◆ About this exercise: For the listing below, print exactly the lines from the line with "Carte Postale Rétro" to the line with "Marcheur nocturne avec lanterne Sac Retro", both included, and nothing beyond them.

══ Information ══

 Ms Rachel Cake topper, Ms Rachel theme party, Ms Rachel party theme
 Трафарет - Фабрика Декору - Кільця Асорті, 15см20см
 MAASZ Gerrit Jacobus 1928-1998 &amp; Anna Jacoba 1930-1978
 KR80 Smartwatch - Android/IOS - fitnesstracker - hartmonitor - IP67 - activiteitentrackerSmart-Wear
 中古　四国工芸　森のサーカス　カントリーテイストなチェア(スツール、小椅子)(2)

═══
══ Information ══

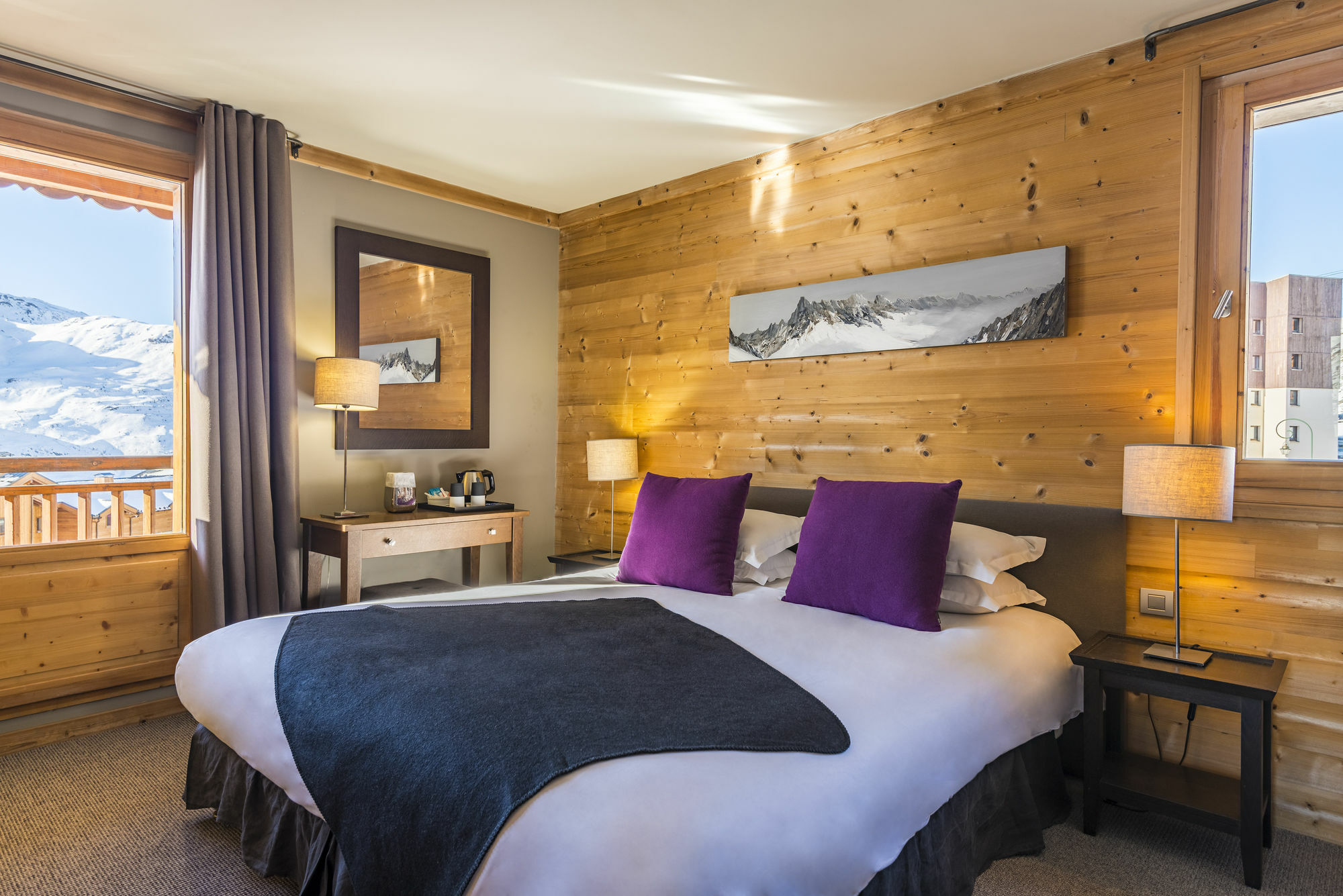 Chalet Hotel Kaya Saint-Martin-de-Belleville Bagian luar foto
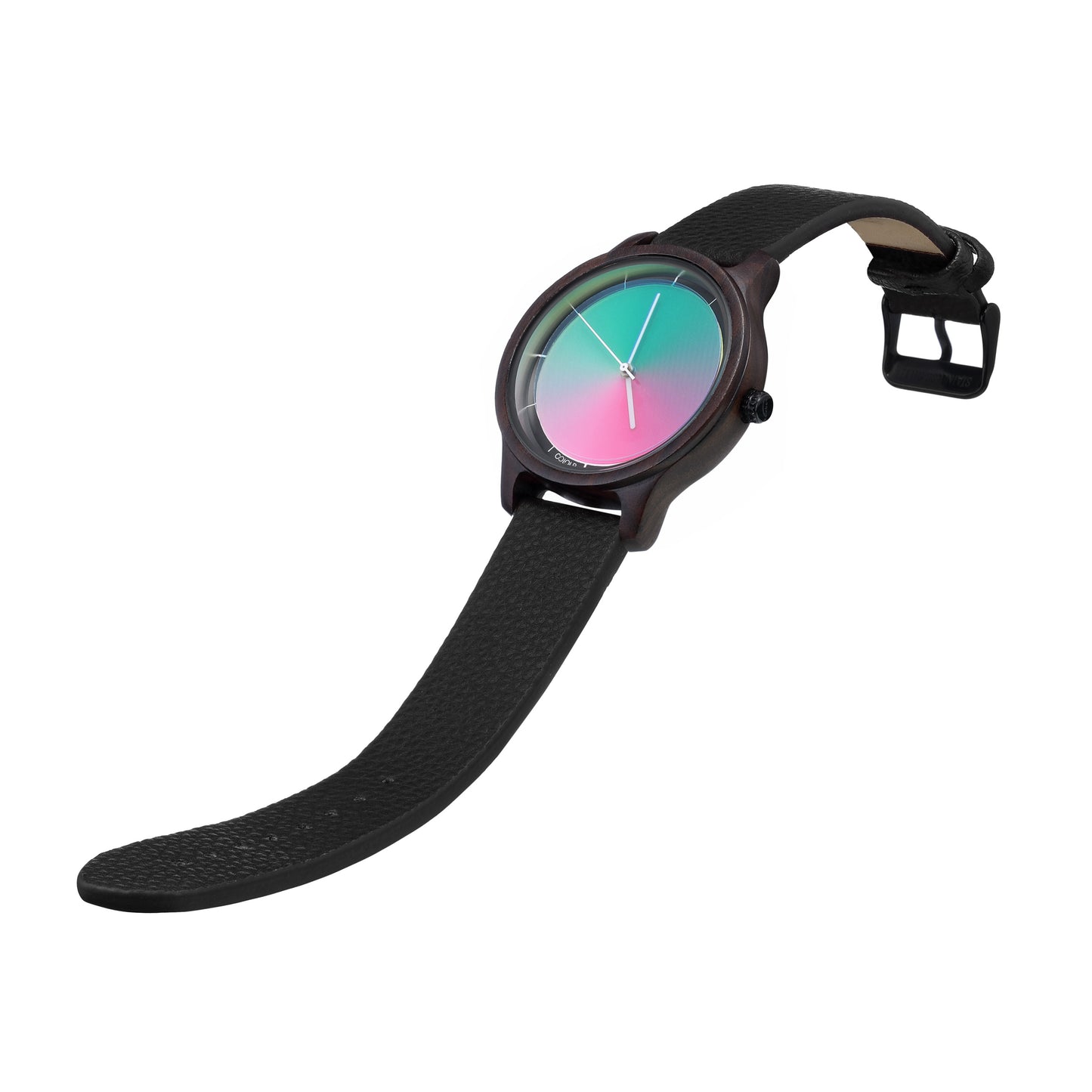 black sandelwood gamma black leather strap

═══
══ Information ══

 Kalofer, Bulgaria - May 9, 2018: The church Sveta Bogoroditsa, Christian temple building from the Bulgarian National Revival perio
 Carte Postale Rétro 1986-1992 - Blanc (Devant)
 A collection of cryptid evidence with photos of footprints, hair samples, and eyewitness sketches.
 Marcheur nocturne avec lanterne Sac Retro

═══

◆ Answer space:
 Carte Postale Rétro 1986-1992 - Blanc (Devant)
 A collection of cryptid evidence with photos of footprints, hair samples, and eyewitness sketches.
 Marcheur nocturne avec lanterne Sac Retro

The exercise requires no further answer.